The Scandal of US Political Campaigning
The current media circus surrounding the 2012 Presidential election campaign has placed a spotlight on the standard features common to any US political campaign – the soundbites, the petty personal point-scoring, the obsession with image over substance. Whether it's a local election for a city councilman position, a gubernatorial race, or the battle to become President of the United States itself, the same rules apply – they are simply amplified and distorted, the higher up the political food chain the contests go. There is also a slavering focus on “scandals” by the media and the two adversaries' campaigns.
Pseudo-scandal masks the real issue
So as a result, we have been served up a series of scandals throughout this Presidential campaign – Romney's tax status, Obama's attitude to Islamist attacks in Libya, Romney's “binders of women” remark, Obama's supposed lack of gravitas – the list goes on. All these storm-in-a-teacup scandals really do, however, is distract from the biggest scandal surrounding US political campaigning, namely the overwhelming influence of the same big-money donors over both candidates.
Money talks and democracy walks
It's no big secret that to win any US election campaign, you need to have the big bucks behind you. The late, great Gore Vidal first coined the expression “the property party” to describe the de facto one-party state hidden behind the Republican and Democrat “wings”, and it was he who recalled giving up a political career when he realised that he would have to raise $10,000 each day after being elected simply to ensure his re-election. In fact, since the mid-20th century, the candidate who has raised the most campaigning cash at Congressional level or higher has won the election more than 95% of the time!
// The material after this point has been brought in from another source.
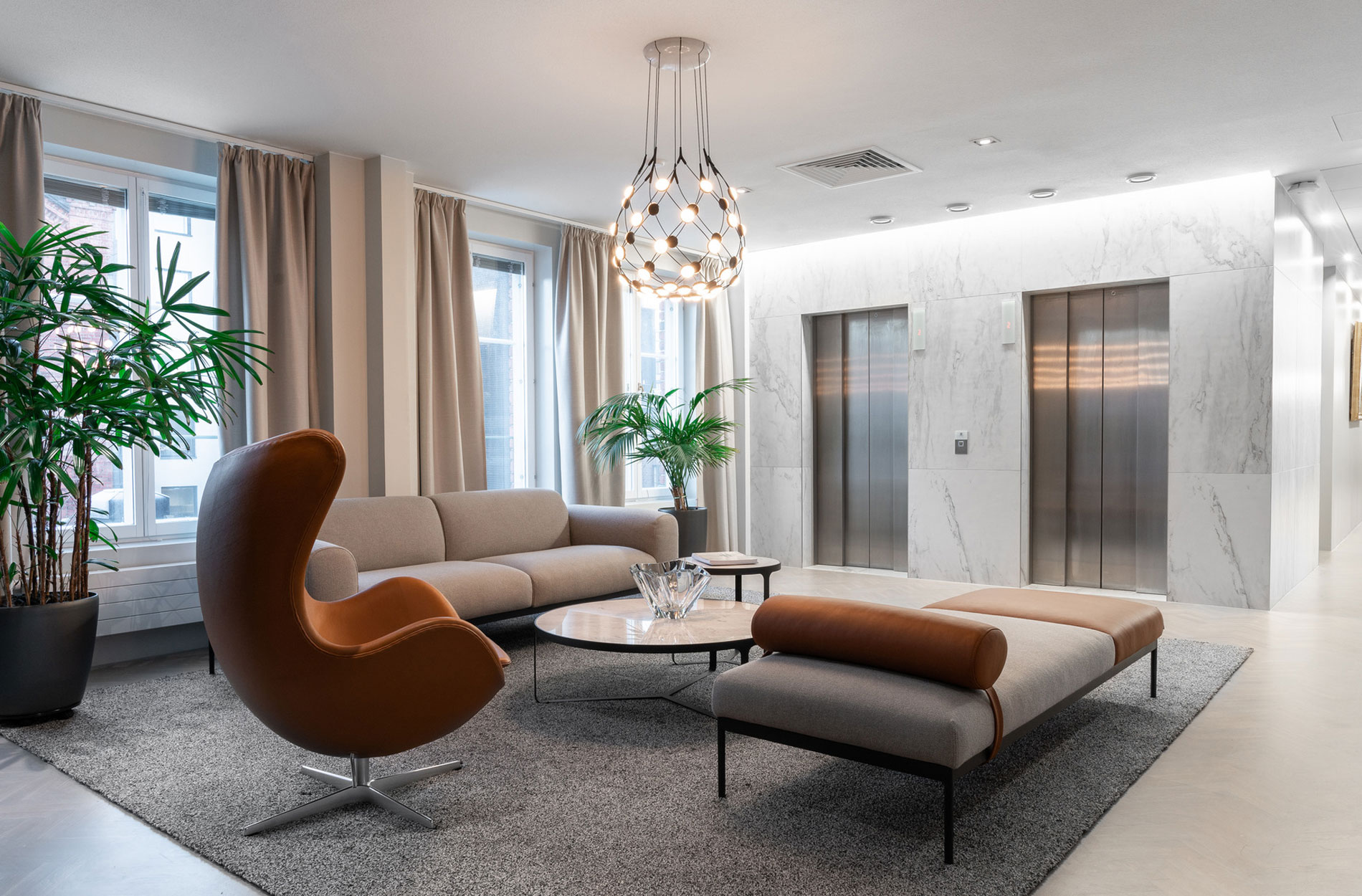 Rune & Berg Designin suunnittelema Rettig Group työympäristön hissiaula lounge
Puppets of Wall Street and the mega-corps
By the time Election Day dawns next month, Barack Obama and Mitt Romney will have raised over $1 billion each for direct campaigning, with a further billion summoned up by their “arms-length” campaign groups. And where has this money come from? Well Mitt Romney's top five benefactors are all Wall Street banks, while Obama has been treated to $700,000 worth of largesse from Google and Microsoft. It is very unlikely that either candidate will be wishing to displease any of these once elected.